C’est peut-être pour cela que des gouvernements ultra-libéraux comme la macronie déclarent des guerres arbitraires aux communautés, en les qualifiant d’anti-républicaines (en particulier celles musulmanes et afro-descendantes) : leur organisation et l’empouvoirement qu’elles génèrent mettent en péril l’économie du capital normatif et poussent leurs membres à l’émancipation corporelle et psychologique de la norme établie.
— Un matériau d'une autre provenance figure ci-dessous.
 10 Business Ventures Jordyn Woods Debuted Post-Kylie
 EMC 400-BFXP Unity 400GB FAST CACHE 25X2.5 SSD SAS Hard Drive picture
Le principe sous-tendant la société capitaliste et le principe de l’amour [sont] incompatibles.
Erich Fromm
La fin de l’amour ?
Dans son essai À propos d’amour, l’autrice afroféministe bell hooks cite le psychanalyste Erich Fromm, en s’interrogeant sur les liens entre capitalisme, amour et spiritualité. Pour Fromm, l’expérience véritable de l’amour se situe en effet dans notre rapport au sacré. La spiritualité, peu importe comme nous décidons de la vivre, est un accès privilégié à notre zone émotionnelle : c’est pour cette raison, comme nous l’avons vu, que le capitalisme s’empare de celle des cultures dangereuses pour sa survie. Dans la structure capitaliste autophage, la spiritualité est à la fois bafouée par la rationalité viriliste, et remplacée par sa version consumériste. L’amour, en toute logique, qu’il soit dirigé vers soi ou vers les autres, est mis au ban. Il nous faut comprendre que nous ne trouverons jamais l’amour au sein d’une structure mentale et sociale capitaliste. « Le principe sous-tendant la société capitaliste et le principe de l’amour [sont] incompatibles » estime Fromm. « Nous sommes sans cesse bombardé·es par des messages qui nous disent que tous nos besoins peuvent être satisfaits par des gains matériels » écrit bell hooks. Les personnes fragilisées par la norme sont les premières à connaître l’isolement dans ce jeu cruel que la sociologue Eva Illouz définit comme « la fin de l’amour ». « L’isolement et le sentiment d’être seul·es sont parmi les premières causes de dépression et de désespoir. Ils sont le produit d’une culture où les choses comptent plus que les gens » conclut bell hooks. À défaut de pouvoir en quelques mois démonter le capitalisme amoureux, ou de pouvoir en finir avec le capital beauté et faire de la pédagogie à nos communautés empêtrées dans leurs paradoxes, nous pouvons tenter de commencer par sortir individuellement du capitalisme mental. Nos communautés devraient nous permettre cet espace d’autogestion et émancipation de l’économie néolibérale du sentiment. Une communauté qui fonctionne est peut-être alors un espace qui nous délivre, autant que possible et authentiquement, du contrôle capitaliste de nos corps et de nos cœurs.